▶ **TASK ITEM**
Copy the listing exactly, images excluded.

▶ **STORED DATA**
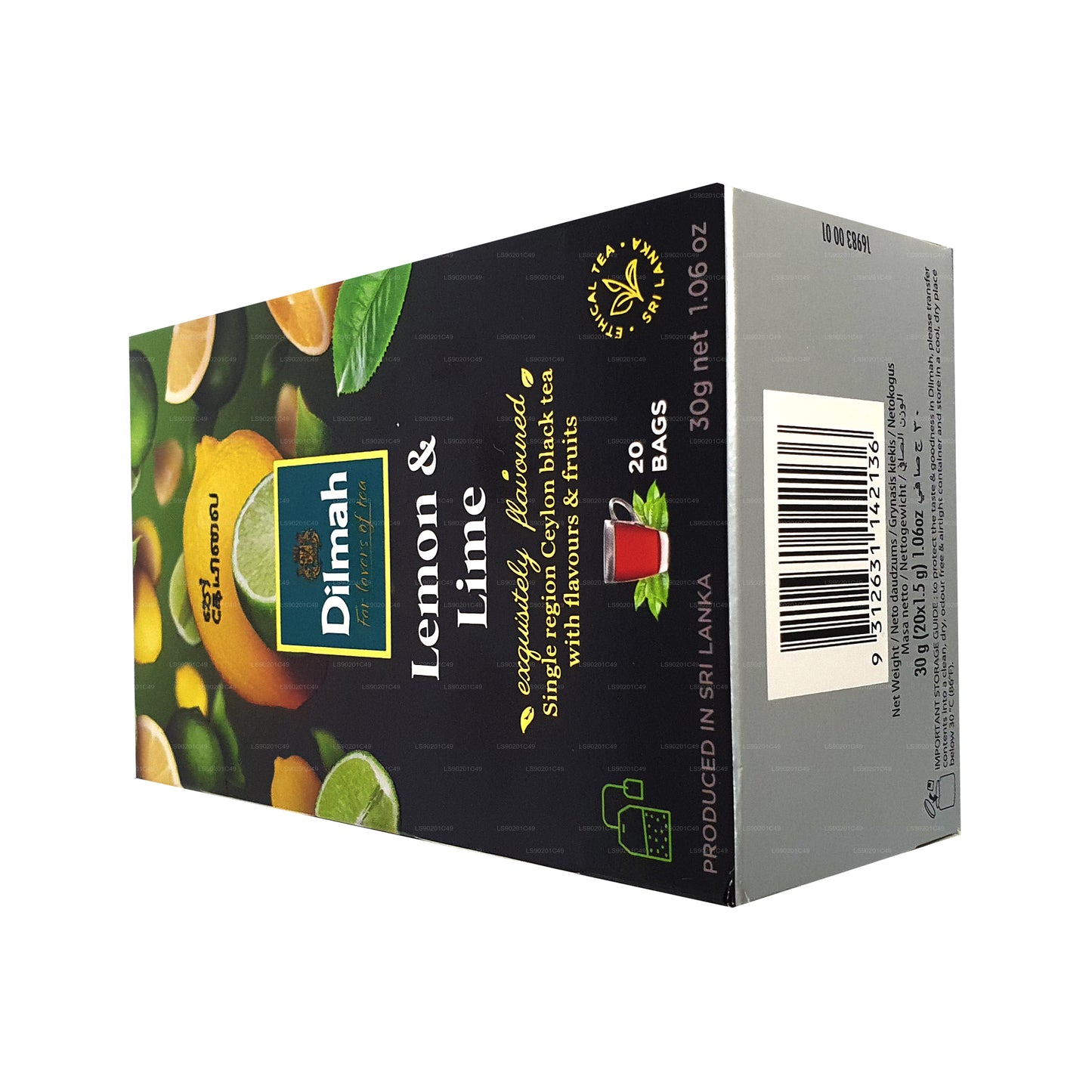 Dilmah Lemon and Lime Flavored Tea (30g) 20 Tea Bags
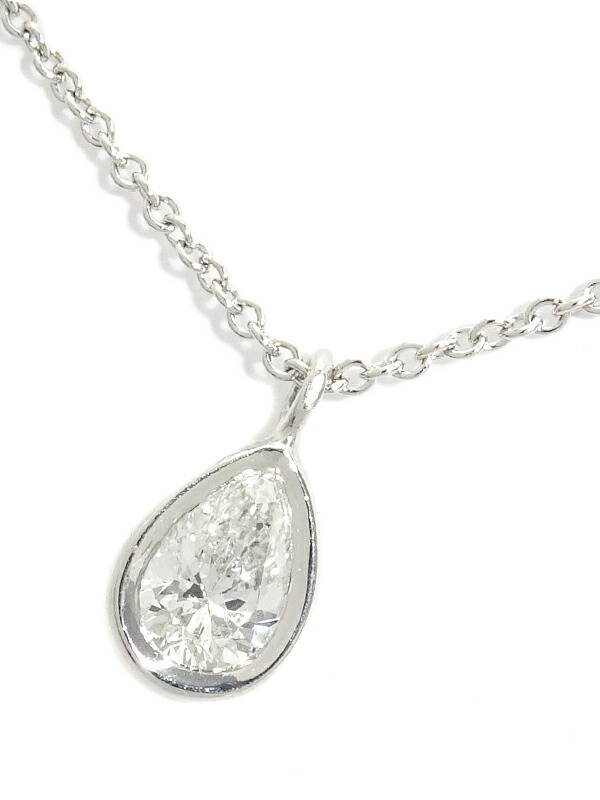 【TIFFANY＆Co.】ティファニー『PT950 ペアシェイプ バイザヤード ネックレス 1Pダイヤモンド』1週間保証【中古】
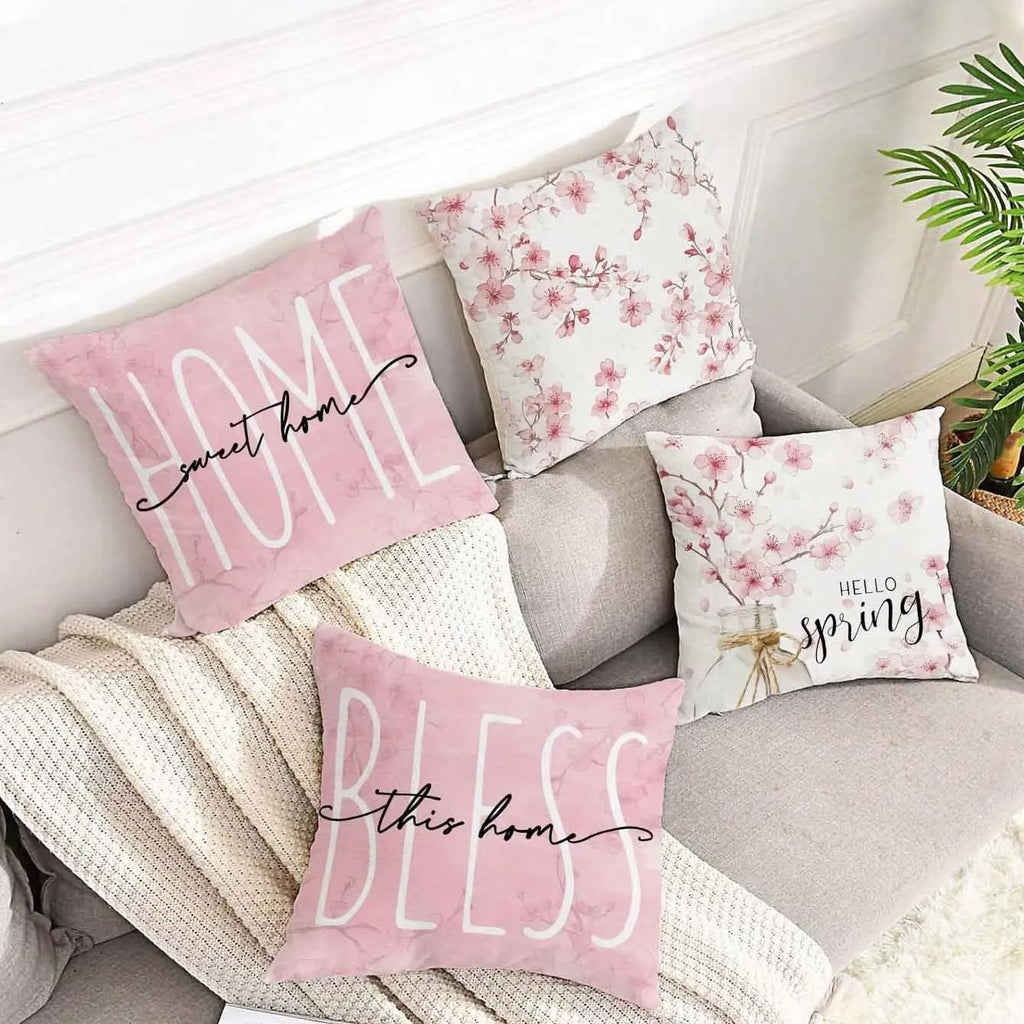Cherry blossom letter design on a 45cm square short velvet cushion cover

▶ **ANSWER**
 Dilmah Lemon and Lime Flavored Tea (30g) 20 Tea Bags
 【TIFFANY＆Co.】ティファニー『PT950 ペアシェイプ バイザヤード ネックレス 1Pダイヤモンド』1週間保証【中古】
Cherry blossom letter design on a 45cm square short velvet cushion cover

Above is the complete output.